[Start of section]

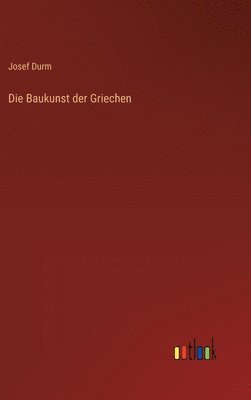 Josef Durm - Baukunst der Griechen, Inbunden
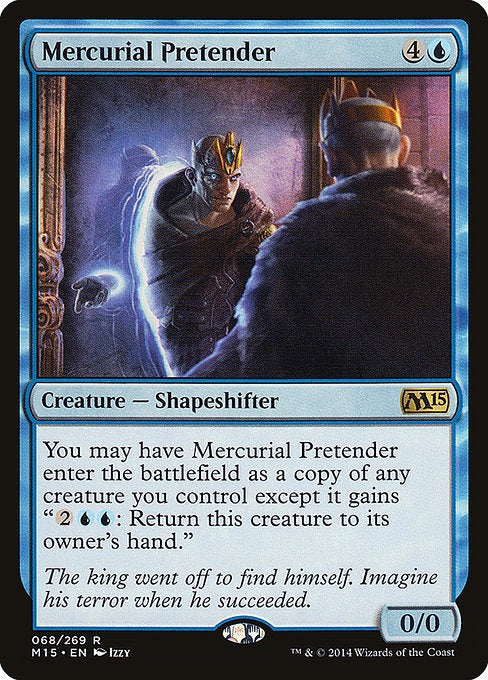 Card # 68  Mercurial Pretender Magic 15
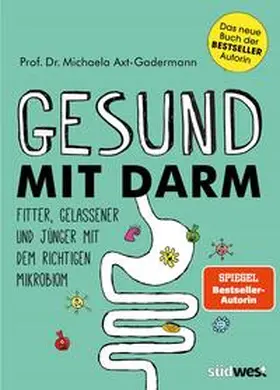 Axt-Gadermann |  Gesund mit Darm. Fitter, gelassener und jünger mit dem richtigen Mikrobiom | Buch |  Sack Fachmedien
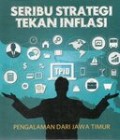 SERIBU STRATEGI TEKAN INFLANSI JATIM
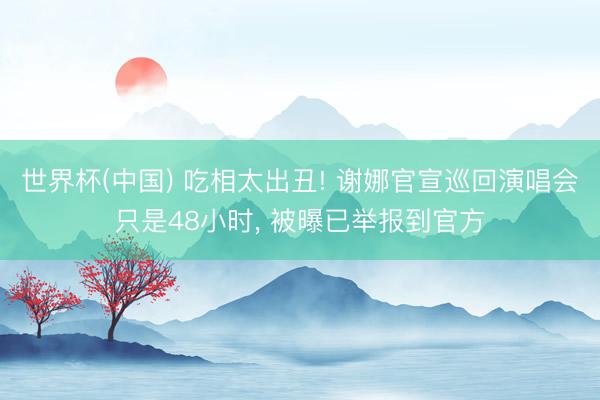 世界杯(中国) 吃相太出丑! 谢娜官宣巡回演唱会只是48小时, 被曝已举报到官方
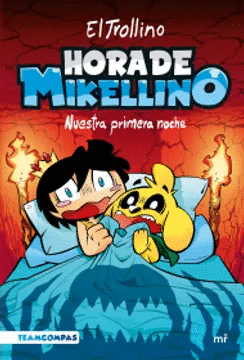 HORA DE MIKELLINO. NUESTRA PRIMERA NOCHE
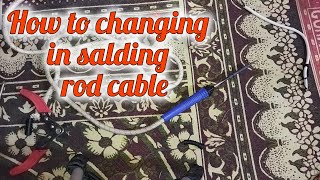 How to changing in solding rod cablehow to soldering rod [upl. by Ythomit]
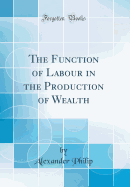 The Function of Labour in the Production of Wealth (Classic Reprint)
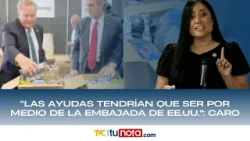 “Las ayudas tendrían que ser por medio de la Embajada de EE.UU., o de organismos”: Marcela Caro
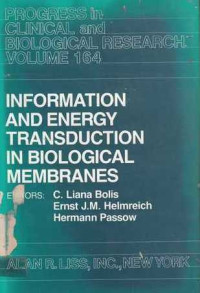 Information and energy transduction in biological membranes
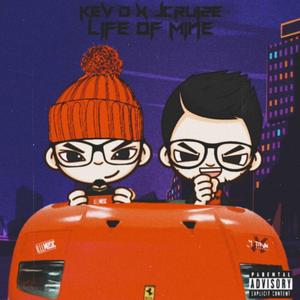 Life Of Mine (feat. Jcruize)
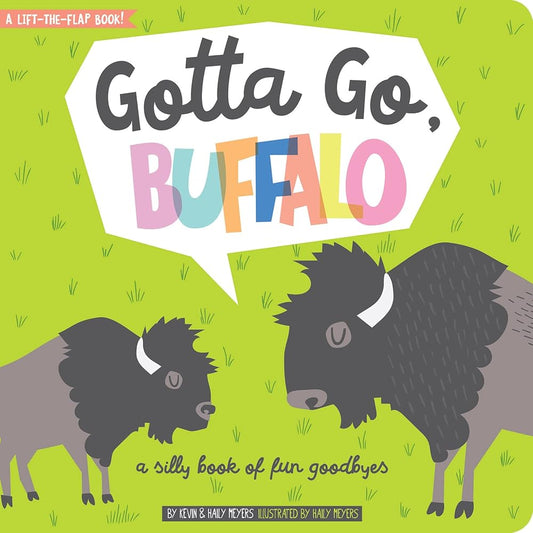 Gotta Go, Buffalo: A Silly Book of Fun Goodbyes (Lucy Darling) cover image
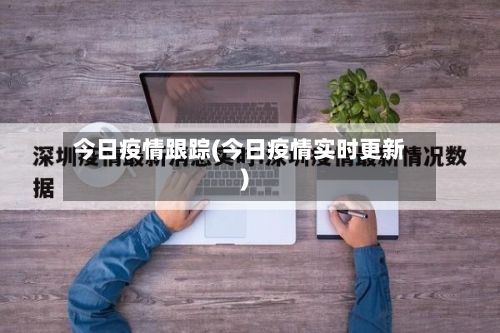 今日疫情跟踪(今日疫情实时更新)-第1张图片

[End of section]

▶ [Exercise brief]
Each entry is to be returned precisely as it appears, but the pictures are to be dropped.

▶ [Solution to this problem]
 Josef Durm - Baukunst der Griechen, Inbunden
 Card # 68  Mercurial Pretender Magic 15
 Axt-Gadermann |  Gesund mit Darm. Fitter, gelassener und jünger mit dem richtigen Mikrobiom | Buch |  Sack Fachmedien
 SERIBU STRATEGI TEKAN INFLANSI JATIM
 世界杯(中国) 吃相太出丑! 谢娜官宣巡回演唱会只是48小时, 被曝已举报到官方
 HORA DE MIKELLINO. NUESTRA PRIMERA NOCHE
 How to changing in solding rod cablehow to soldering rod [upl. by Ythomit]
 The Function of Labour in the Production of Wealth (Classic Reprint)
 “Las ayudas tendrían que ser por medio de la Embajada de EE.UU., o de organismos”: Marcela Caro
 Information and energy transduction in biological membranes
 Life Of Mine (feat. Jcruize)
 Gotta Go, Buffalo: A Silly Book of Fun Goodbyes (Lucy Darling) cover image
 今日疫情跟踪(今日疫情实时更新)-第1张图片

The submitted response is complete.